** Work task **
When you reach the line with "Una cocina moderna", start repeating the lines exactly and keep going to the end of the records, but drop every picture.

(Short text fragments from websites)
************

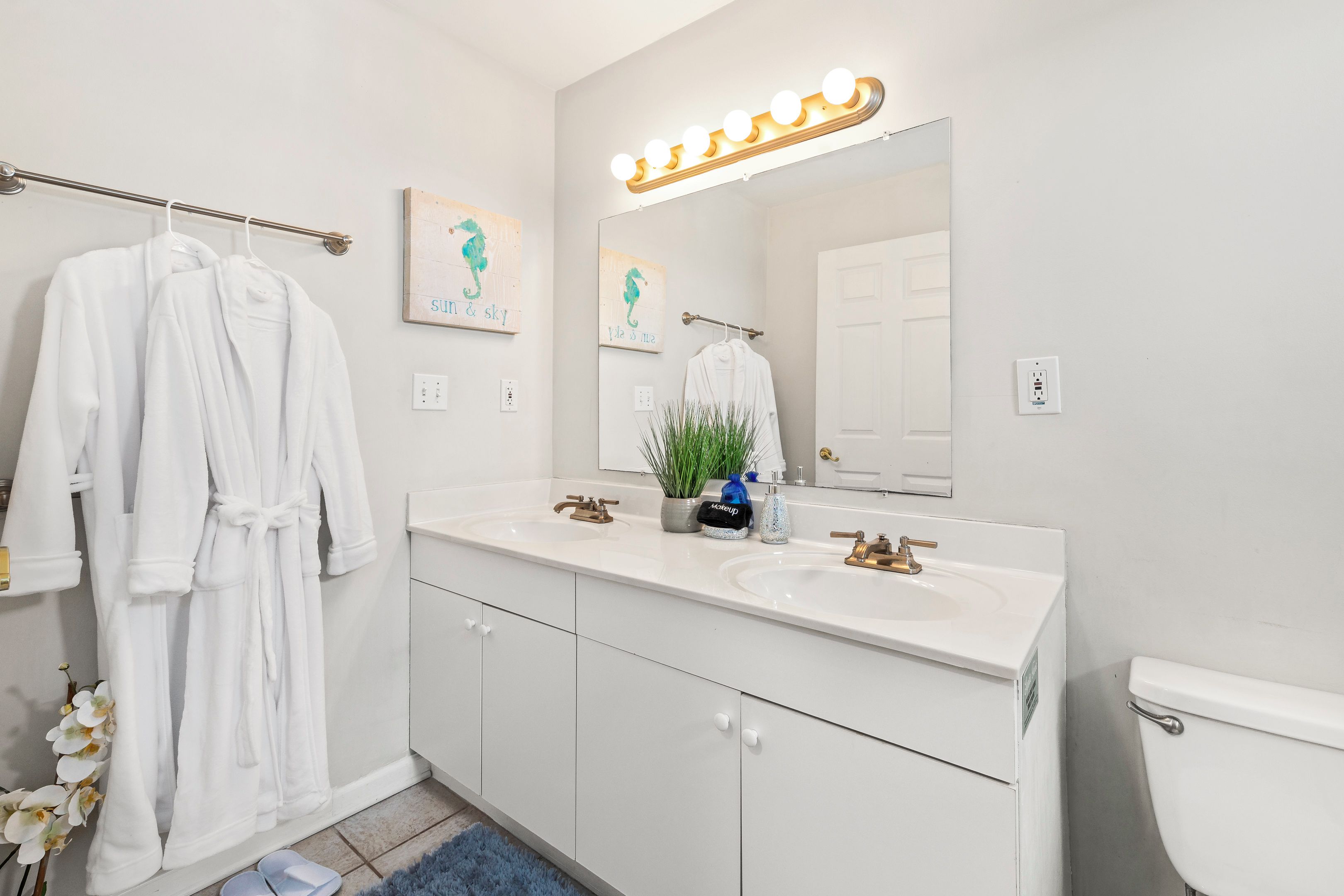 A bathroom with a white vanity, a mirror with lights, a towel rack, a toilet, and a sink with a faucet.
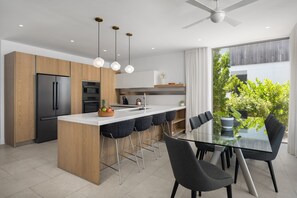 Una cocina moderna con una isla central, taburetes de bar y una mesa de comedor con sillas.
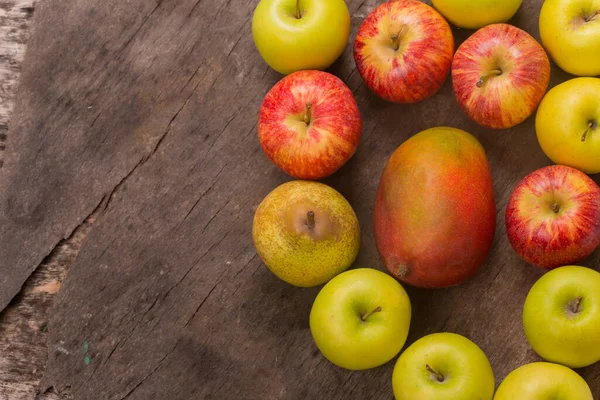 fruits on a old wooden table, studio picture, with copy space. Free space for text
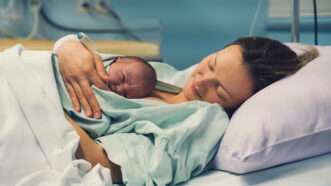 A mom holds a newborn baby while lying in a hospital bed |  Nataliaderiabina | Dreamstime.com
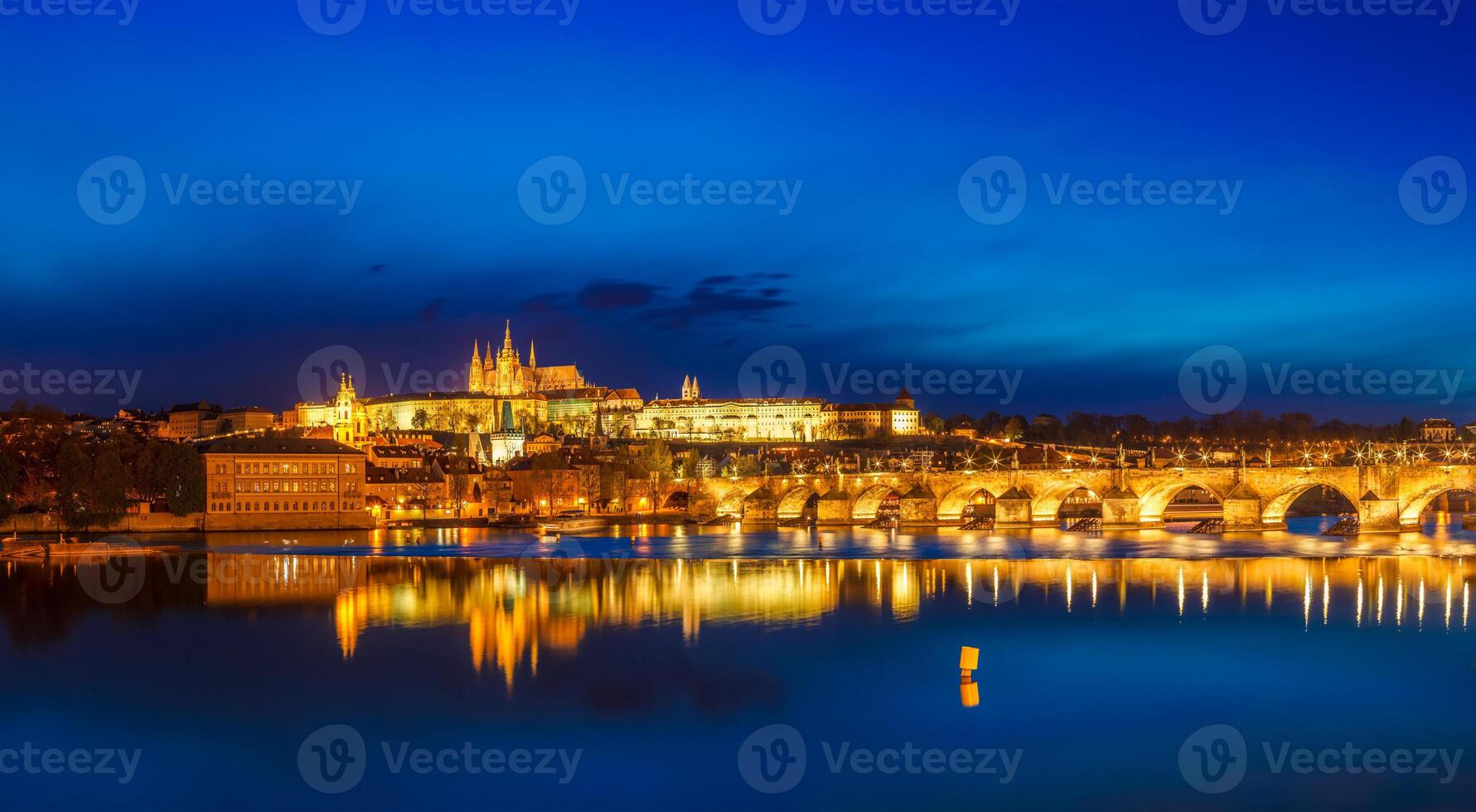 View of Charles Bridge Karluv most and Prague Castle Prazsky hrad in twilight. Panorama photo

************

** Output of the task **
 Una cocina moderna con una isla central, taburetes de bar y una mesa de comedor con sillas.
 fruits on a old wooden table, studio picture, with copy space. Free space for text
 A mom holds a newborn baby while lying in a hospital bed |  Nataliaderiabina | Dreamstime.com
 View of Charles Bridge Karluv most and Prague Castle Prazsky hrad in twilight. Panorama photo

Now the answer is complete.